コルセットを一日に何度も締めなければならないが、アリスは少しズルをして緩めたりしている。
でもカミーユはそんな事がないというアリスに、カミーユは少し暗い表情を浮かべる。
着物は胸も腰も真っ直ぐな寸胴の方が綺麗に着る事が出来るのですよね。腰は細ければ細い方が良いと、コルセットでぎゅうぎゅうに締め上げていたヨーロッパとは全く逆。ヨーロッパもこれぐらいの時代から次第にコルセットは手間が掛るので衰退していくのですが。

湯音がアリスに着物を着付けした後は、今度は逆にアリス達が湯音にドレスを着せる。
慣れないドレス姿にあたふたする湯音は、バランスが取れずにふらふらして花瓶を割りそうになったりしてます。メイドたちのフォローが早かった。

3人で記念撮影をする事になるも、アリスと湯音はついつい動いてしまってなかなか写真を撮れない。
じっとしていられないにもほどがあるよ。しかし湯音は日本で写真を撮っているという事は、この当時なら日本はもっと長い時間じっとしていないといけなかっただろうに。
そしてアリスはあれだけ色々な写真を撮っているのに、なんでじっとしていられないのやら。

見かけた猫に手を伸ばそうとした湯音だが、クリノリが邪魔で手が届かない。
その様子を見ていたカミーユは少し寂しそうに鳥かごのせいで欲しいモノに手が届かない事がある、と口にする。
やはりカミーユはブランシュ家という家柄のせいで、本当に自分のしたい事を我慢しているようだ。

迎えに来たクロードは湯音のドレス姿にビックリ。
湯音はクロードをカミーユに紹介しようとするが、カミーユの姿は既に庭になかった。

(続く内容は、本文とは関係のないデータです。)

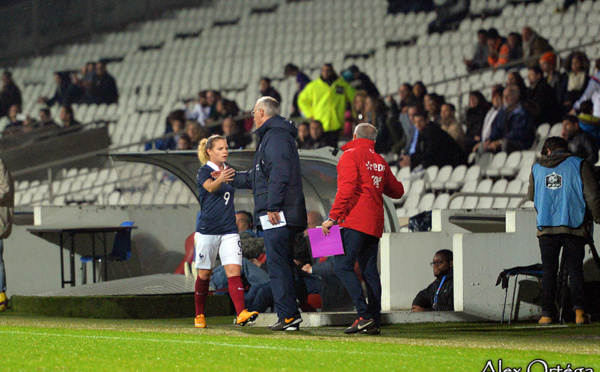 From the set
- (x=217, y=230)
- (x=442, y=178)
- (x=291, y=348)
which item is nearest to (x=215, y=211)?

その事にクロードは安堵する。
クロードが迎えに来てアリスは不機嫌。

帰り道、カミーユが何か我慢しているのではないか、という湯音にクロードはやはり湯音はあまりあの屋敷に行かない方がいいかもしれないと呟く。
クロードの言葉を疑問にした湯音がくしゃみをすると、またドレスを着せられたらたまらないからだと誤魔化す。
どうやらクロードとカミーユは知り合いっぽいな。
幼い頃に一緒に遊んだりした事があるのかもしれないけど、カミーユはブランシュ家の長女として立派な淑女として生きなければならず、そのしがらみから逃れる事は出来ずに、富裕層(ブルジョワジー)の娘として生きる事を選んだ。そのためクロードとも疎遠になってしまっているところか。それとももっと決定的な決別となった出来事があったのか。
カミーユは昔から“良い娘”だったようだから、アリスのように表だって出ているのではなく、親の目を盗んでこっそりと遊びに出ていたのかな。
クロードが過剰なまでにブランシュ家や金持ちを嫌うのは、ただギャルリが寂れていったりしているから、というだけではなくそうしたカミーユとのわだかまりあるのかもしれないな。

後日、できあがった写真が湯音の下に届けられた。
微笑むカミーユに対して、笑顔の引きつっているアリスと湯音。そして猫の尻尾が写っていた。

次回 Partie07「Lucarne -天窓-」

熱を出した湯音は昔、風邪を引いて姉に看病してもらった時の事を夢見るのか。